** MATERIALS PROVIDED follows **
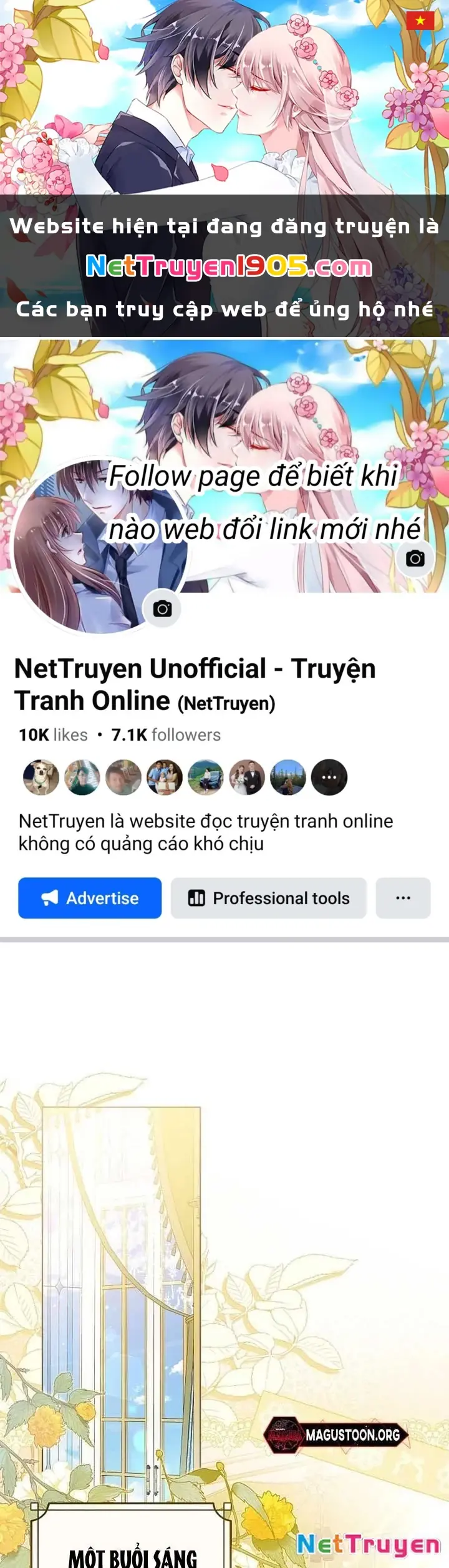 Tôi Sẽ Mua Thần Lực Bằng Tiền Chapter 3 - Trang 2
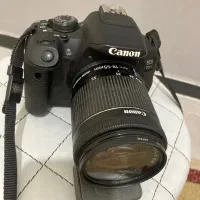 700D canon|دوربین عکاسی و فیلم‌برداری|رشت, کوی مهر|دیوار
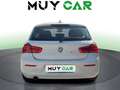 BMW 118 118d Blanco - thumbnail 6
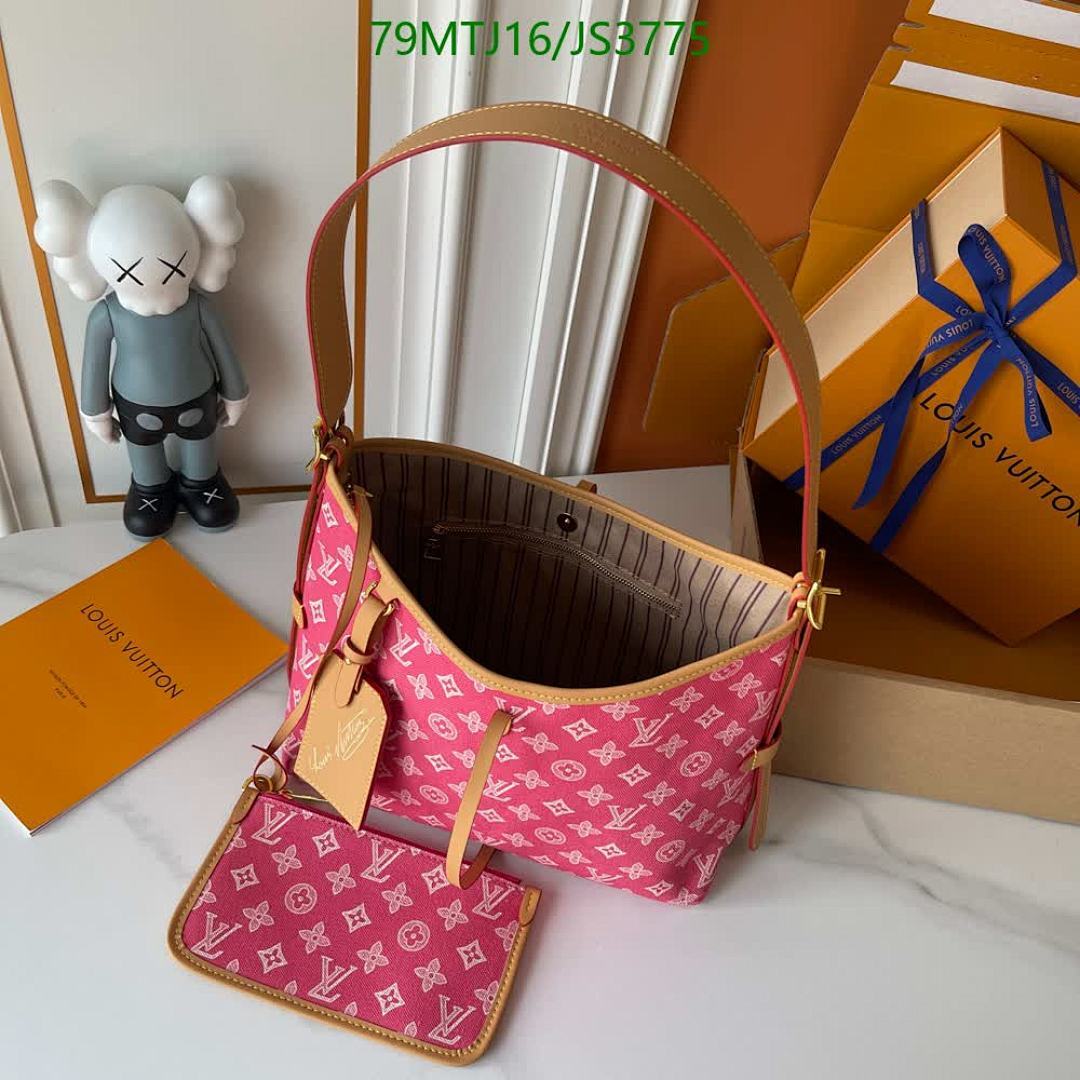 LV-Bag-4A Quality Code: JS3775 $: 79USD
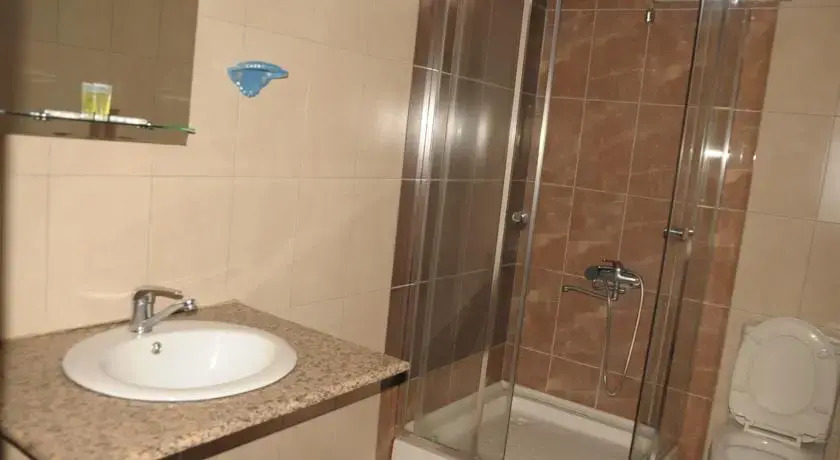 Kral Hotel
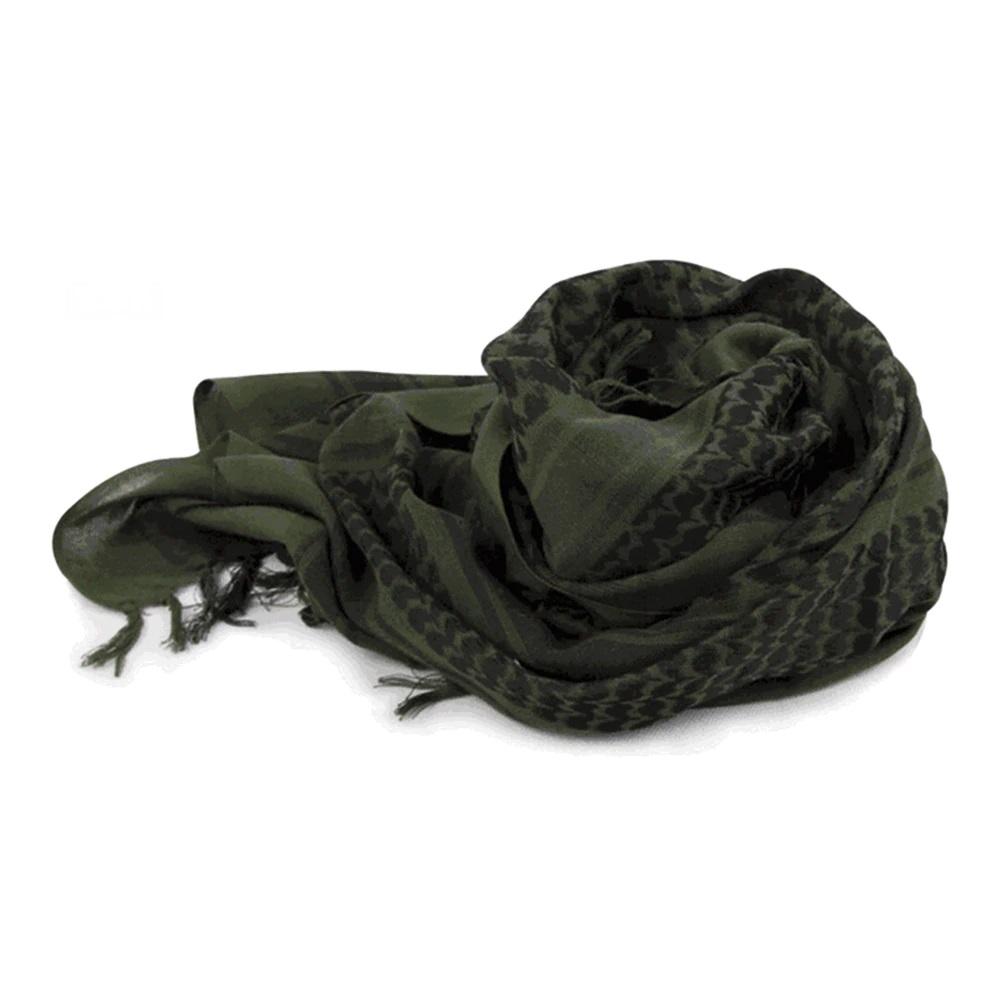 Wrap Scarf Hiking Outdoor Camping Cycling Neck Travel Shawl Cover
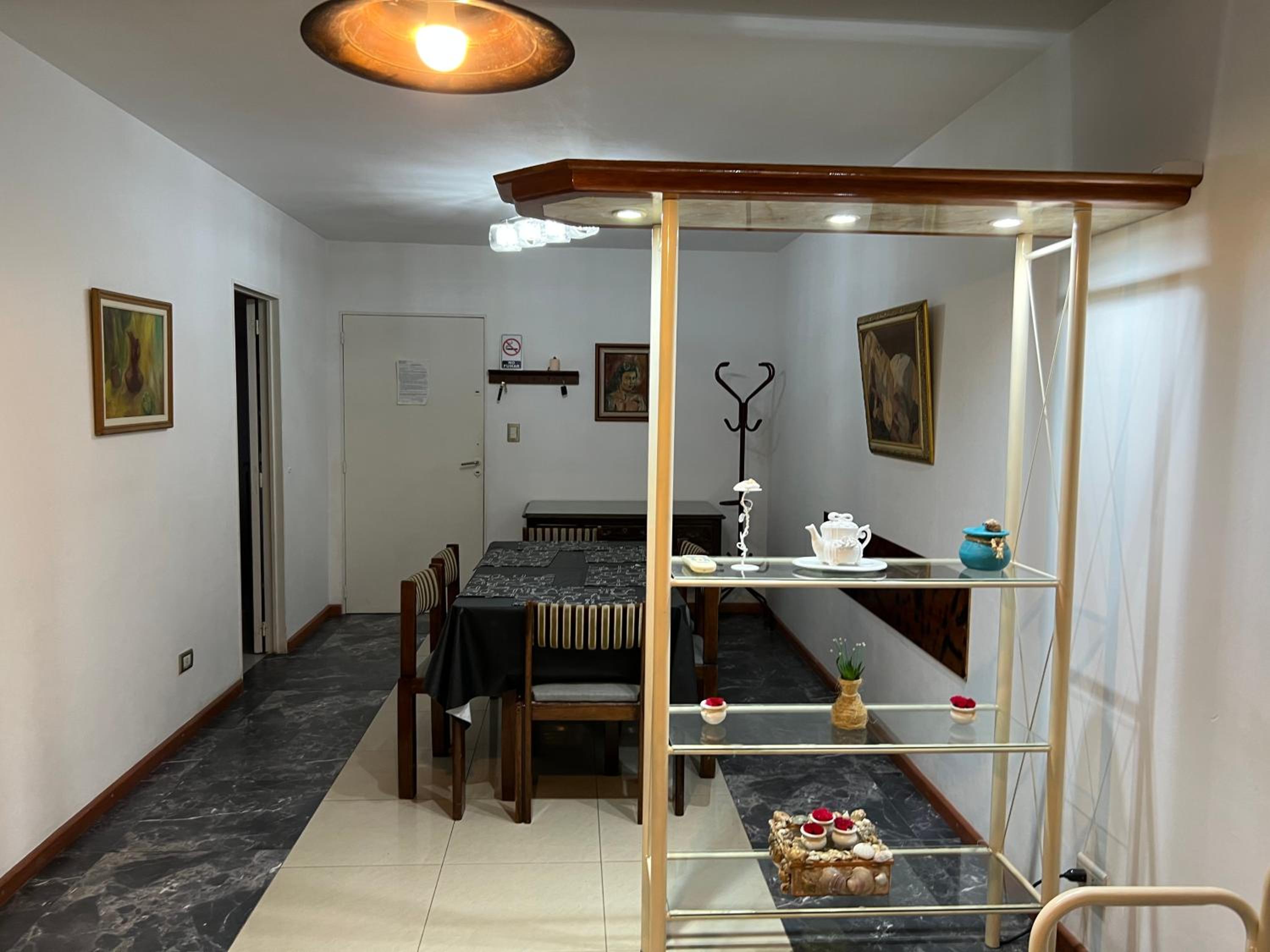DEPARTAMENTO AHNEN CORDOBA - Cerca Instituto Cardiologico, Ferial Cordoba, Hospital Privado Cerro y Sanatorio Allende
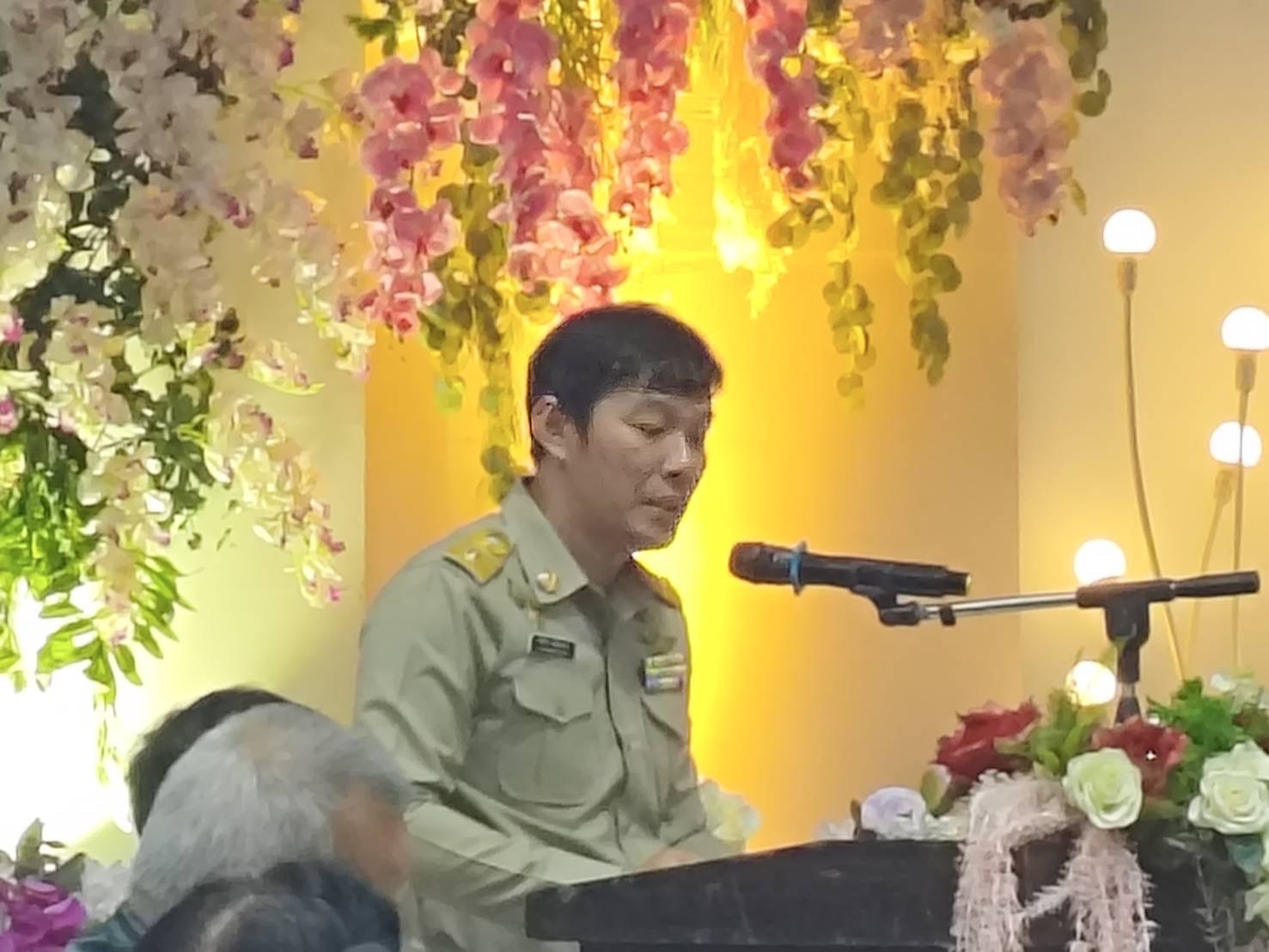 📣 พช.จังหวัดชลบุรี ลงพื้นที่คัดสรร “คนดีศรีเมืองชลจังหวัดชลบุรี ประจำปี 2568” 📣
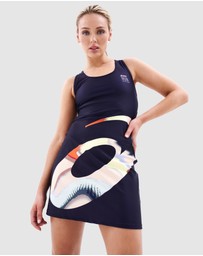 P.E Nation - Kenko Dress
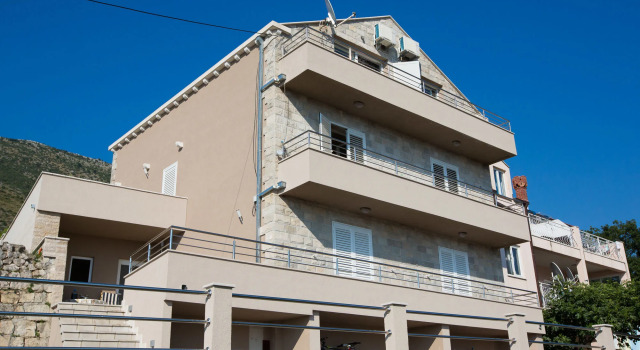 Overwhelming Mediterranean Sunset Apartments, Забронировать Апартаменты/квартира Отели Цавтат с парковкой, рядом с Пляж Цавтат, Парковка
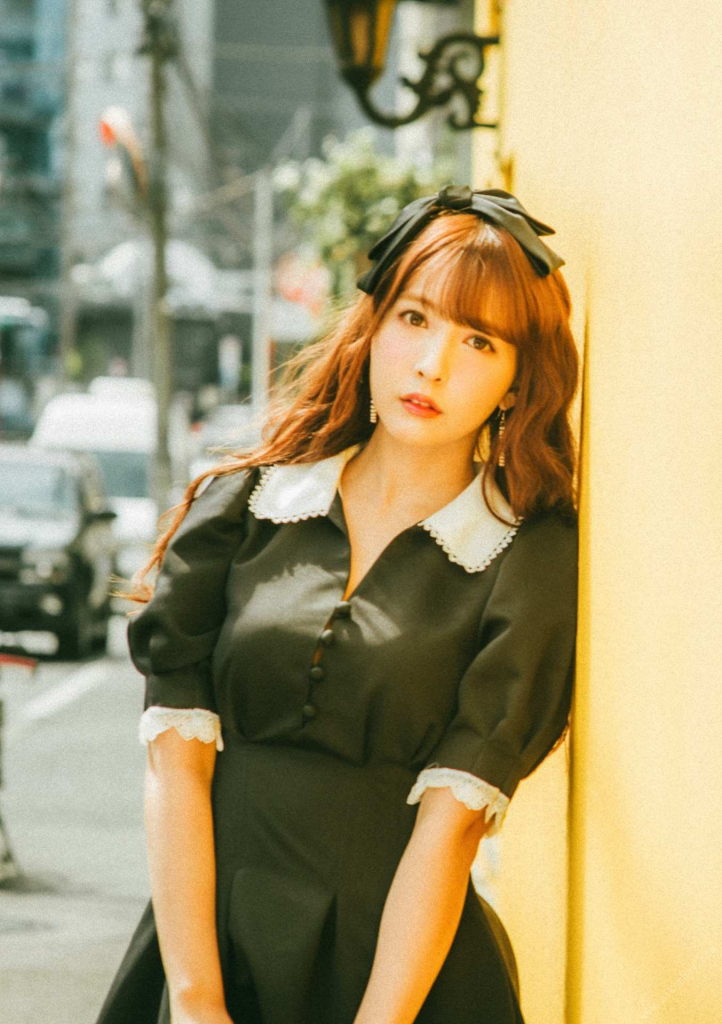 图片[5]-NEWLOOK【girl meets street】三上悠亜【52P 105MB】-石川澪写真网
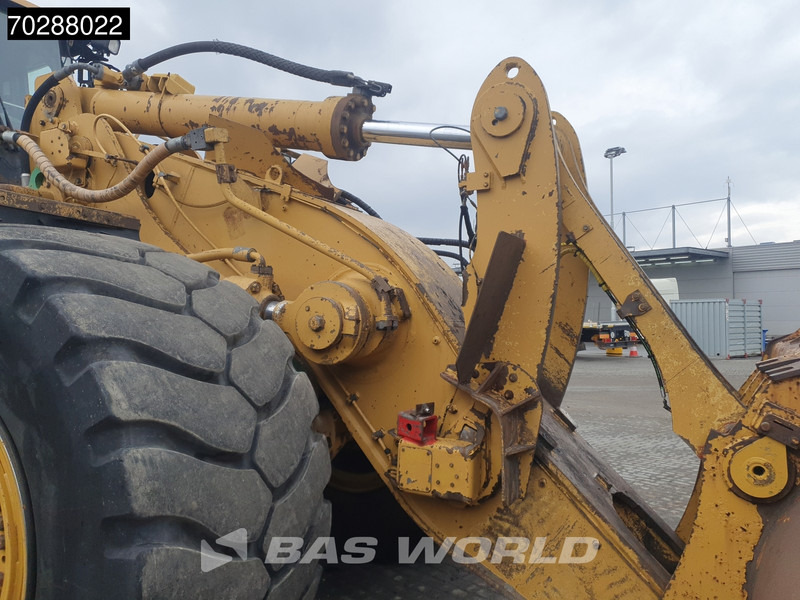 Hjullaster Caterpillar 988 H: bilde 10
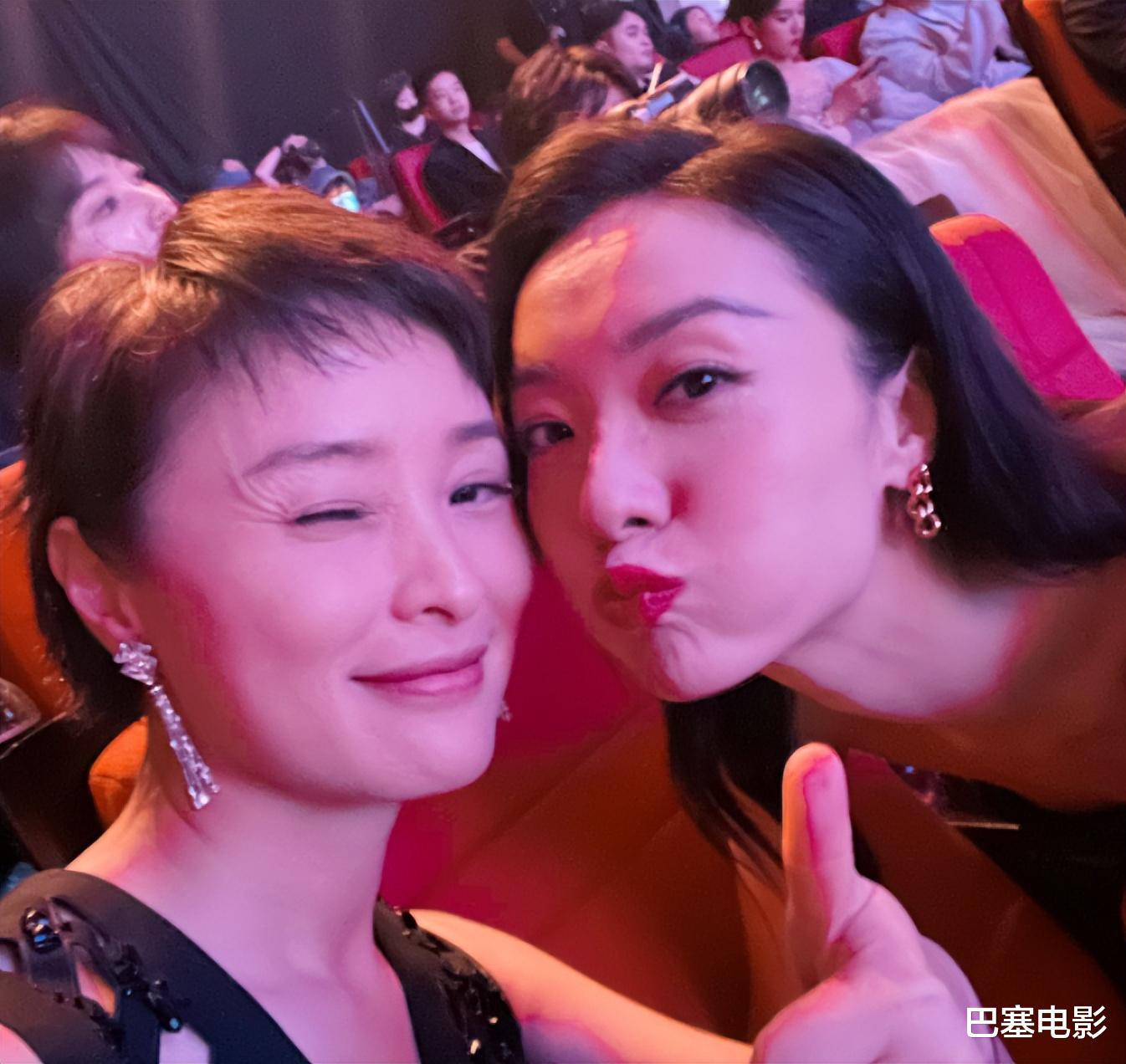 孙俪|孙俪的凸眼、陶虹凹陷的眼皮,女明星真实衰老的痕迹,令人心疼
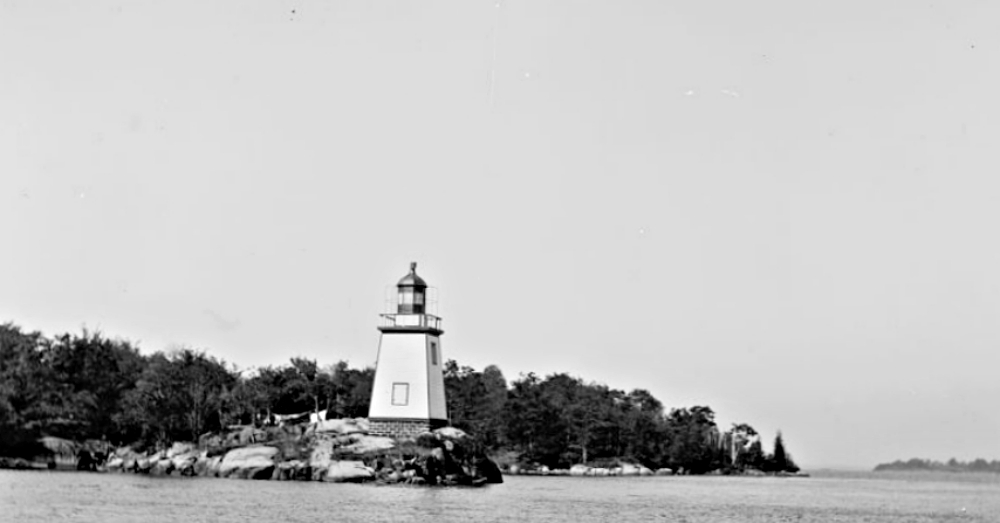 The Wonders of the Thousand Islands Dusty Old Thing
** End of MATERIALS PROVIDED **
◆ **TO DO**: A picture-free version of all the records, repeated exactly, is what to return.

◆ **SOLVED EXERCISE**:
 Tôi Sẽ Mua Thần Lực Bằng Tiền Chapter 3 - Trang 2
 700D canon|دوربین عکاسی و فیلم‌برداری|رشت, کوی مهر|دیوار
 BMW 118 118d Blanco - thumbnail 6
 LV-Bag-4A Quality Code: JS3775 $: 79USD
 Kral Hotel
 Wrap Scarf Hiking Outdoor Camping Cycling Neck Travel Shawl Cover
DEPARTAMENTO AHNEN CORDOBA - Cerca Instituto Cardiologico, Ferial Cordoba, Hospital Privado Cerro y Sanatorio Allende
 📣 พช.จังหวัดชลบุรี ลงพื้นที่คัดสรร “คนดีศรีเมืองชลจังหวัดชลบุรี ประจำปี 2568” 📣
 P.E Nation - Kenko Dress
 Overwhelming Mediterranean Sunset Apartments, Забронировать Апартаменты/квартира Отели Цавтат с парковкой, рядом с Пляж Цавтат, Парковка
 图片[5]-NEWLOOK【girl meets street】三上悠亜【52P 105MB】-石川澪写真网
 Hjullaster Caterpillar 988 H: bilde 10
 孙俪|孙俪的凸眼、陶虹凹陷的眼皮,女明星真实衰老的痕迹,令人心疼
 The Wonders of the Thousand Islands Dusty Old Thing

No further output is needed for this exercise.